July 24, 2014 05:12 pm | Updated 05:12 pm IST - New Delhi

A still from "Lenny"

A still from "Lenny"

Filmmakers and viewers share an abiding weakness for life-stories. Over the years, lives of public figures have come to us in the form of biopics, and tapped into our innate need to know their private selves. The appeal of the genre has only grown in recent times, as the success of films like “Lincoln”, “The King's Speech”, “Dallas Buyers Club”, “Social Network”, “Milk”, “Mandela” and “Jobs” illustrates.

At the ‘Biopic Film Festival’, being held at the American Center Auditorium in Kasturba Gandhi Marg, New Delhi, six films representing diverse tendencies within the genre are being screened. These are “Ed Wood”, “Lenny”, “Auto Focus”, “I’m Not There”, “The Insider” and “The Wolf of Wall Street”. The festival, which concludes this Saturday, is being organised by American Center in collaboration with Cinedarbaar. Cinedarbaar has earlier organised retrospectives of Alfred Hitchcock, Wes Anderson and film festivals on the themes of musicals and women filmmakers.

While Todd Haynes’s “I’m Not There” is an unusual portrait of Bob Dylan, where the character is played by six different actors, Tim Burton’s “Ed Wood” tells the story of the eponymous cult filmmaker. Bob Fosse’s “Lenny” deals with Lenny Bruce, the controversial 60s comic; Michael Mann’s “The Insider” tells the story of Jeffrey Wigand, who blew the whistle on the tobacco industry and Martin Scorsese’s “The Wolf of Wall Street” charts the drug-fuelled rise and fall of stock-broker Jordan Belfort.

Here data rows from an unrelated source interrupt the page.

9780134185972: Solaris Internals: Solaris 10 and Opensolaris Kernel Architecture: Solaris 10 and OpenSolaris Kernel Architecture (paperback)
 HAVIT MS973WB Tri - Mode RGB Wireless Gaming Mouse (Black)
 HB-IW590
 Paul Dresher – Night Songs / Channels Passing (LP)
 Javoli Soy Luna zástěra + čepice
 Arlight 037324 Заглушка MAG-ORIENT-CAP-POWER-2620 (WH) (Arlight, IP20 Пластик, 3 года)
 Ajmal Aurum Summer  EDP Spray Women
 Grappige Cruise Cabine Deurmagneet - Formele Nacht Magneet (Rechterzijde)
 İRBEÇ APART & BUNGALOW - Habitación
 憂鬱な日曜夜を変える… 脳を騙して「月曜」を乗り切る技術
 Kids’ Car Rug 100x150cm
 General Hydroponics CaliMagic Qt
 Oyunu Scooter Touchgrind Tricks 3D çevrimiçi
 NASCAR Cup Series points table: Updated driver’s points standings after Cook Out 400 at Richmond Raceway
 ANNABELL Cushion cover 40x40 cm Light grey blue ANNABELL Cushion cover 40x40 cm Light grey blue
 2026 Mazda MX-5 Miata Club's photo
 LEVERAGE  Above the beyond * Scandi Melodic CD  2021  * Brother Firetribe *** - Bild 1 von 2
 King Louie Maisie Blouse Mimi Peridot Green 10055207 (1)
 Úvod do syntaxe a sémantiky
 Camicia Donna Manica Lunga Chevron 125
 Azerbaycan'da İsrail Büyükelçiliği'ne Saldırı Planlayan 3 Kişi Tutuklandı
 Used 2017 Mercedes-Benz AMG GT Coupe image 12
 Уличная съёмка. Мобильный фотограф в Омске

According to film enthusiast and literature student Kumar Unnayan, who along with film scholar Anugyan Nag will anchor discussions after the screenings, the line-up represents multiple imaginations of what a biopic can be, and not necessarily stand-out examples of the genre.

Explaining the shift in the choice of subject for biopics, he says while earlier biopics tended to focus on figures of historical renown, over the last few decades the genre has opened up to humble life-stories as well. “With the shift in period, the subject matter too has transformed as we move to a time where the ‘tragic’ and ‘heroic’ have depleted and modernity has thrown a number of individual stories...”

Lately, he adds, biopics have “derived heavily from this phenomenon where we are being exposed to the stories of so called commoner who is within the reach of our fetishes and fantasies...‘Jobs’, ‘Mandela’, ‘12 Years a Slave’, ‘A Beautiful Mind’, ‘Into The Wild’, ‘Catch Me If You Can’, ‘Erin Brockovich’ are all a part of evolution of this genre in the past two decades.”

A biopic, Unnayan argues in conclusion, relies on the nexus of the literal and the fictional.

“It demands not just a hold on the life of an individual but also on how well you can enmesh the individual in and around society...How much you can locate or root your character in and around the times in which they existed separates a good biopic from a bad one.”